BEGIN
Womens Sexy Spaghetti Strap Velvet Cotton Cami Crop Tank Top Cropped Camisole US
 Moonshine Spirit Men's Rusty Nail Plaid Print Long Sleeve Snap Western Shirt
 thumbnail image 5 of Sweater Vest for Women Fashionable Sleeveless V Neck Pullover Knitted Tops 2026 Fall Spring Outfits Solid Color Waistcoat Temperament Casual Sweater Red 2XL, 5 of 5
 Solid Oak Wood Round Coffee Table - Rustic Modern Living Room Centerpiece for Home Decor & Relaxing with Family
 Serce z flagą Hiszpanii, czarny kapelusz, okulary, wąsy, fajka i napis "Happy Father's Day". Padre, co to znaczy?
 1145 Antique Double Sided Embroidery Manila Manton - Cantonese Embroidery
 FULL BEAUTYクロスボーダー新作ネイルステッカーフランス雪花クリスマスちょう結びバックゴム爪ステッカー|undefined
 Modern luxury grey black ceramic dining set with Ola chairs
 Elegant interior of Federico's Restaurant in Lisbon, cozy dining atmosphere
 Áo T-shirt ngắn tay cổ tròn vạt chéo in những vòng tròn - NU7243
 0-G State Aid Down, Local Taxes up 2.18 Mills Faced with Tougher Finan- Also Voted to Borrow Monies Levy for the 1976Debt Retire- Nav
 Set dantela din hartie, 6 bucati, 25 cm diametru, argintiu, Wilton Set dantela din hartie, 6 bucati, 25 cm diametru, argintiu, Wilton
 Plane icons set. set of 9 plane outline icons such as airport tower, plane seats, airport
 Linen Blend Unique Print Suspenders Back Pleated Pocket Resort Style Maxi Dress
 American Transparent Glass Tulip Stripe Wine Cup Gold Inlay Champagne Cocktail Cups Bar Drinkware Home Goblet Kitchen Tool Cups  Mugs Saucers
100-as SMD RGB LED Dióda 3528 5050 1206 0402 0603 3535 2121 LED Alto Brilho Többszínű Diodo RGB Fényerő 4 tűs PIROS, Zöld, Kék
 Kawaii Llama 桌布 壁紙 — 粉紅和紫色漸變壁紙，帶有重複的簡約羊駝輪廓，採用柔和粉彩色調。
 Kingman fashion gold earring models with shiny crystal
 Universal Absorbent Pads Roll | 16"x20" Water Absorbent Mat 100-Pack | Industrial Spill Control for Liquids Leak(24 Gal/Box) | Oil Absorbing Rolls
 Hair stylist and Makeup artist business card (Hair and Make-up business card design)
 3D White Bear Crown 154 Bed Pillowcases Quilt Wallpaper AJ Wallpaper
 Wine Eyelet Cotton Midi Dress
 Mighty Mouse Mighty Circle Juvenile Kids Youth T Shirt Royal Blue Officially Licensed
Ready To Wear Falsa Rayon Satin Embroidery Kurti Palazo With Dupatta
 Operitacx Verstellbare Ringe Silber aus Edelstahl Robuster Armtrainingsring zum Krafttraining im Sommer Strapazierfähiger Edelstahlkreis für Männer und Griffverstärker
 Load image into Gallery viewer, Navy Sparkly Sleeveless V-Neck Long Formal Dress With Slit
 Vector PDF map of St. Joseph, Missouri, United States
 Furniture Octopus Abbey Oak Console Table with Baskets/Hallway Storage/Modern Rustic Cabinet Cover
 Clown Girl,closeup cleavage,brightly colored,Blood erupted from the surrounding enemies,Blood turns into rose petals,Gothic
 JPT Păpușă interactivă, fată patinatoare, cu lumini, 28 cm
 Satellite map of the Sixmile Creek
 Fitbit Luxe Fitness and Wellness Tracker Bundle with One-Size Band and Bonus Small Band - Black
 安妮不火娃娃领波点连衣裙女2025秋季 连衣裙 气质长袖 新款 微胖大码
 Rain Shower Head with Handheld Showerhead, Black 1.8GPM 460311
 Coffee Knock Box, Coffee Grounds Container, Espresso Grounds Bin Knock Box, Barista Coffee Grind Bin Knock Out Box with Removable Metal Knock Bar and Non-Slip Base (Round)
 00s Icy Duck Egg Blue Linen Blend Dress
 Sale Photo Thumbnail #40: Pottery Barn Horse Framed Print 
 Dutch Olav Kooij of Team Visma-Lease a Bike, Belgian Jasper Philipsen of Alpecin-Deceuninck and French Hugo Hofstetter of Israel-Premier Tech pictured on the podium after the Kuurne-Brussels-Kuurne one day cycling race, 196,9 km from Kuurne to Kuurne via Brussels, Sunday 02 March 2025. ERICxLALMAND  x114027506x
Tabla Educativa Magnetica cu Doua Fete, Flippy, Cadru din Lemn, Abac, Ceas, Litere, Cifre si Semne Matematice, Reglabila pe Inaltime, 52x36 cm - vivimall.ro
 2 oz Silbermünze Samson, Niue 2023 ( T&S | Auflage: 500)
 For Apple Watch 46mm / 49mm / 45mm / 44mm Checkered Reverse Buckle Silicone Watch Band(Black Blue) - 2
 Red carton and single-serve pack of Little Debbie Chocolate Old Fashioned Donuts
END
Work instruction:
Please transcribe only the lines in the records above running from the line that has "Rain Shower Head" through the line that has "Sale Photo Thumbnail", both included, exactly as they appear.

Response to the task:
 Rain Shower Head with Handheld Showerhead, Black 1.8GPM 460311
 Coffee Knock Box, Coffee Grounds Container, Espresso Grounds Bin Knock Box, Barista Coffee Grind Bin Knock Out Box with Removable Metal Knock Bar and Non-Slip Base (Round)
 00s Icy Duck Egg Blue Linen Blend Dress
 Sale Photo Thumbnail #40: Pottery Barn Horse Framed Print 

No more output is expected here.